1971—Chronology Sources, Notes & Comments

February 8, 1971—Royal Albert Hall

Melody Maker, February, 1971 (quoted by Andy Murkin, "1971, Frank's Worst Year?," 1997)
FRANK ZAPPA is to present live excerpts from his film 200 Motels during a concert at London Royal Albert Hall on Monday, February 8. The Mothers of Invention and a 90-piece orchestra join him for the event, which is in the nature of a specially-staged preview of the movie. Revealing plans for the concert, Zappa said: "We shall be performing the soundtrack music and re-enacting parts of the film."

Zappa added that the seats on the ground floor of the Albert Hall will be removed to accommodate the orchestra. The audience will occupy the upper floors, terraces and boxes only.

The movie is already in rehearsal and shooting commences the day after the concert. A soundtrack album of the film will, according to Zappa, be released by United Artists who are financing the movie—and not by his regular label, Reprise.

Melody Maker, February 6, 1971

Melody Maker
BIZARRE PRODS.
PRESENTS

FRANK ZAPPA
& THE MOTHERS OF INVENTION
WITH THE ROYAL PHILHARMONIC ORCHESTRA
& THE KINGS SINGERS

SELECTIONS FROM THE MUSIC TO:
200 MOTELS

ROYAL ALBERT HALL
7:30 PM. MONDAY, FEBRUARY 8
TICKETS AVAILABLE AT THE BOX OFFICE, ALBERT HALL

Chris Charlesworth, "They Seem To Think Frank's Obscene," Melody Maker, February 13, 1971

AMIDST total confusion Frank Zappa's concert at Royal Albert Hall on Monday was called off at the last minute. [...] Despite rumours over the weekend that the concert might be cancelled, Zappa, the Mothers, ninety members of the Royal Philharmonic and assorted members of the choir arrived at the Albert Hall on Monday afternoon for a practice.
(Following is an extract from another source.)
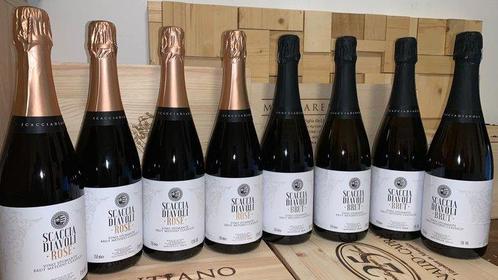 Scacciadiavoli: 4x Metodo Classico Brut, 4x Rosé - Umbrië -, Verzamelen, Wijnen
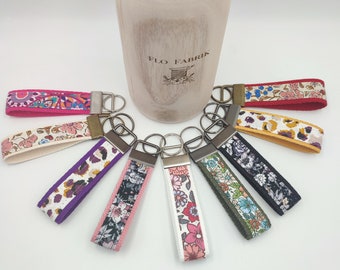 Cotton strap key ring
On the hall windows were notices to the effect that the concert had been cancelled, but apparently there was no official approach to Zappa's manager, Herb Cohen, who was also in the melee. [...] Cohen pointed out that the script had been delivered to the Albert Hall and the group had offered to make any alterations if necessary.

[...] While the other Mothers waited around having their photographs taken, Zappa produced a movie camera and filmed the entire episode.

The Albert Hall switchboard was jammed with calls throughout Monday, but eventually a spokesman there told the MM: "The concert is definitely off. We have been demanding certain assurances and copies of the content of the programme. We did not receive the assurances. We heard rumours about the programme content and this was not agreeable to us."

The Albert Hall was also worried about possible audience participation.

Cohen was amazed at the thought of the audience not behaving well. [...] "It would have been 75 percent orchestral plus six or seven individual songs with lyrics. I gave the Albert Hall a copy and they said they were too obscene. I offered to delete anything they felt gave offence. Revised lyrics were written and sent but it seems they are against the whole concert and concept."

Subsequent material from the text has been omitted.